In Bezug auf die Ausbildung von Imam*innen heißt das für den Liberal-Islamischen Bund z.B., dass in dieser verdeutlicht werden muss, dass es nicht den einen und einzigen richtigen Weg gibt. Dass theologische und die spirituelle Praxis betreffende Differenzen ausgehalten und anerkannt werden müssen. Unsere Imamin Rabeya Müller sagte dazu auf dem entsprechenden Panel: „Geschlechtergerechtigkeit und die volle Anerkennung von queeren Muslim*innen, selbstverständlich auch in Funktionen wie denen als Imam*in, ist in unseren Gemeinden längst eine gelebte Praxis. Mit dieser Realität muss sich in der Ausbildung auch theologisch auseinandergesetzt werden.“ Dies bedeute nicht, dass alle anderen Gemeinden gleichgeschlechtliche Trauungen vornehmen müssten – es müsse jedoch von ihnen anerkannt werden, dass wir dies auf theologisch begründeter Grundlage tun. Anerkennung bedeute auch, dass Muslim*innen, die eine solche Eheschließung wünschen, selbstverständlich mit unserem Angebot vertraut gemacht werden und ihnen nicht, wie es ein anderer Teilnehmender des Panels durchblicken ließ, nahegelegt wird, sich lieber sexuell umzuorientieren.
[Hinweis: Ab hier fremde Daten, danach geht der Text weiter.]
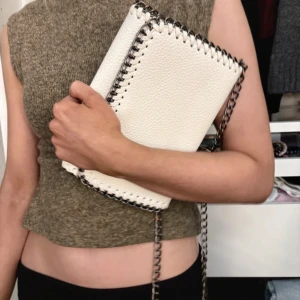 Vit axelväska med kedjedetaljer - Säljer en snygg vit axelväska i skinnimitation med grov silverfärgad kedja och dekorativa sömmar längs kanterna. Väskan har en stilren, rektangulär form och känns både trendig och edgy. Perfekt för dig som vill ha en statementväska till din outfit.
Eine harte Auseinandersetzung in der Sache, die dabei immer freundlich und anerkennend im Ton und Umgang bleibt, ist an dieser Stelle sehr zu begrüßen, da sie auch einen wichtigen Impuls für z.B. seelsorgerische Arbeit geben kann. Dabei sind queere Muslim*innen nur ein Beispiel unter vielen. Selbiges gilt unter anderem auch etwa für muslimische Frauen, die einen nicht-muslimischen Mann heiraten möchten. Auch sie haben bisher diese Möglichkeit nur in unseren liberalen Gemeinden. Wenn wir daran mitwirken können, hier auch bei anderen Gemeinden eine Öffnung voranzubringen, ist damit für die betroffenen Menschen sehr viel gewonnen.
Unsere religiöse Haltung ist es, den Menschen in seinem ganzen Wesen anzuerkennen, ihm eine spirituelle Heimat zu geben, die ihn in Liebe und Barmherzigkeit in seinem Sein annimmt, ohne in erster Linie auf eine paternalistische Normierung des Verhaltens abzuzielen. Das ist in unseren Augen eine der Kernbotschaften, die Gott uns über unseren Propheten offenbart hat.
Der Liberal-Islamische Bund sieht sich in diesem Sinne als Weg der Mitte und kann eine wichtige Vermittlerrolle zwischen den bestehenden Polen einnehmen. Wir laden ausdrücklich alle ein, sich dieser Diskussion zu stellen. Sie kann uns gemeinsam nur weiterbringen. Gleichzeitig ist die gegenseitige Anerkennung auch eine klare Botschaft an die Ränder. Sie macht deutlich, welche Interpretationen gemeinschaftlich nicht als akzeptabel zu gelten haben: In unseren Augen sind das Formen politisierter Religion, die Herrschaftsansprüche stellen; jede Interpretation, die Religion dazu missbraucht, einen Überlegenheitsanspruch gegenüber anderen zu konstruieren und jede Form von Religiosität, die Raum für jegliche Art der gruppenbezogenen Menschenfeindlichkeit zulässt.
„Der Liberal-Islamische Bund freut sich auf die kommenden Diskussionen und setzt sehr viel Hoffnung in eine neue konstruktive Streitkultur“, stellten Odette Yilmaz und Frederike Güler, die beiden Vorsitzenden des LIB e.V., abschließend fest.